За «знакомство», за «интерес» Старостины и расплатились: Берия с пользой для «своих» команд упек их в лагеря, чтобы не стояли поперек дороги, не путались под ногами.
Так вот и шло: видимое и невидимое.
Довоенный футбол принято обрывать на чемпионате 1940 года, шестом по счету. Для меня, как наверняка и для тех, кто помнит весну сорок первого, еще мирную, существует и седьмой чемпионат, прерванный 22 июня. Было проведено десять туров, лидировали московское и тбилисское «Динамо». Жаль, что его исключили из перечня чемпионатов. Его следовало бы оставить и вечно числить седьмым. Недоигранный, прекращенный, он доносил бы до нас отзвук того года, той беды. К. Есенин, когда составлял списки членов Клуба бомбардиров имени Григория Федотова, прибавил тем, кто играл в седьмом чемпионате, забитые ими голы. Какие могли быть возражения?!
Для меня чемпионат 1941 года незабываем вот почему. Когда сейчас я пытаюсь представить тот футбол, как мы буйными ватагами врывались в поезда новенькой линии метро — до Сокола или висли на трамваях, ползших к «Сталинцу» от Сокольников, как кричали и обнимались на трибунах, сердце сжимается от мысли, что очень немногие из тех людей вернулись на эти же стадионы в сорок пятом.
В июне сорок третьего получил я на своей зенитной позиции письмо от товарища, Владимира Барласа, из Москвы. Мы только что нашли друг друга. И вот что оказалось в письме:
«Я не мог на матче «Спартак» — «Динамо» первенства Москвы на малом стадионе «Динамо» не вспомнить в те минуты, когда команды, выстроенные в центре поля, щурясь под косыми лучами заходящего солнца, только ждут судейского свистка, чтобы разорвать становящуюся невыносимой тишину ожидания, товарища по многолетней боли и выразительные рукопожатия, какими скреплялось предстоящее полуторачасовое пребывание вне мира и жизни — на большом стадионе «Динамо». Итак, Леонтьев, Сеглин, Вик.

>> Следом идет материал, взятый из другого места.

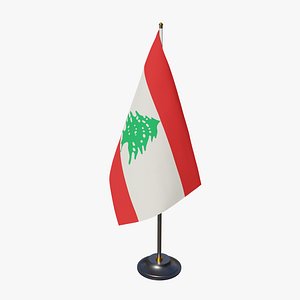 Table Flag Lebanon 3D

Соколов, Бор. Соколов, Вас. Соколов, Малинин, Демин, Глазков, Семенов, Степанов, Смыслов против Медведева, Радикорского, Станкевича, Блинкова, Чернышева, Палыски, Ильина, Н. Дементьева, Карцева, Трофимова, Бескова. Обе команды играли слабовато при несомненном превосходстве «Динамо» (3:0). Выделю ужасный (по моему ощущению) гол в середине первого тайма, гол Карцева—с ходу после подачи с края, пущенный с неистовой силой... Но зато какой был матч «Спартак» — ЦДКА (3:2)! Он напомнил мне виденный с тобою матч «Торпедо» — ЦДКА (4:3) в 1939 году...»

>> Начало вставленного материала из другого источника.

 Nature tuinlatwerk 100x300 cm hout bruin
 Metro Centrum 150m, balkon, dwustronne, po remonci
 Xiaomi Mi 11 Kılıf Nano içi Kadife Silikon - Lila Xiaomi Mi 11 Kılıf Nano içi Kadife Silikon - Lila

Эти строки были дорогим подарком. Летом сорок третьего такие известия не все могли понять, не до того вроде бы. Но друг мой знал, что писал: футбольные новости как живая вода.

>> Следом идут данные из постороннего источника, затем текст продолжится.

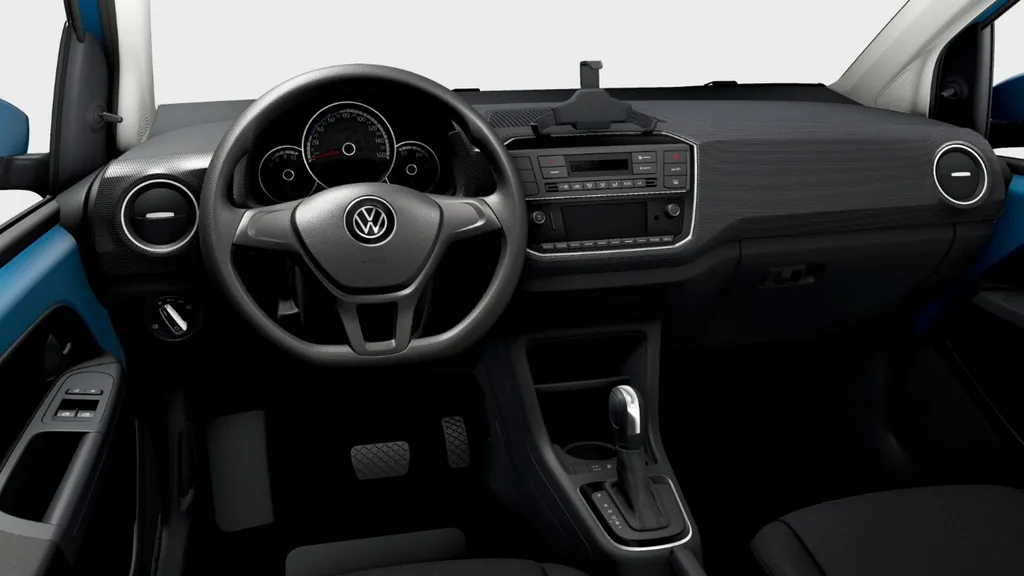 Nova geração do Up elétrico é recheada de tecnologia e itens de infotenimento (Imagem: Divulgação/Volkswagen)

Мне сегодня легко объясняться с людьми, работающими на «футбольной ниве», и с товарищами по перу: общий язык является сразу. И с солидными, в возрасте, болельщиками легко.
Но кто для меня загадка, так это юноши. Они, как и мы когда-то, мчат на футбол компаниями, перекрикиваясь, толкаясь, веселятся на эскалаторах, никого не видят, кроме друг друга, связанные своими горластыми позывными. Я езжу теперь на стадион один, и рад их видеть, не раздражаюсь, когда они обгоняют, задевая плечами, орут и хохочут над ухом в вагоне. С виду их не отличишь от нас, довоенных. Разве что одеты пестро, раздерганно и щеголевато. Но что им футбол?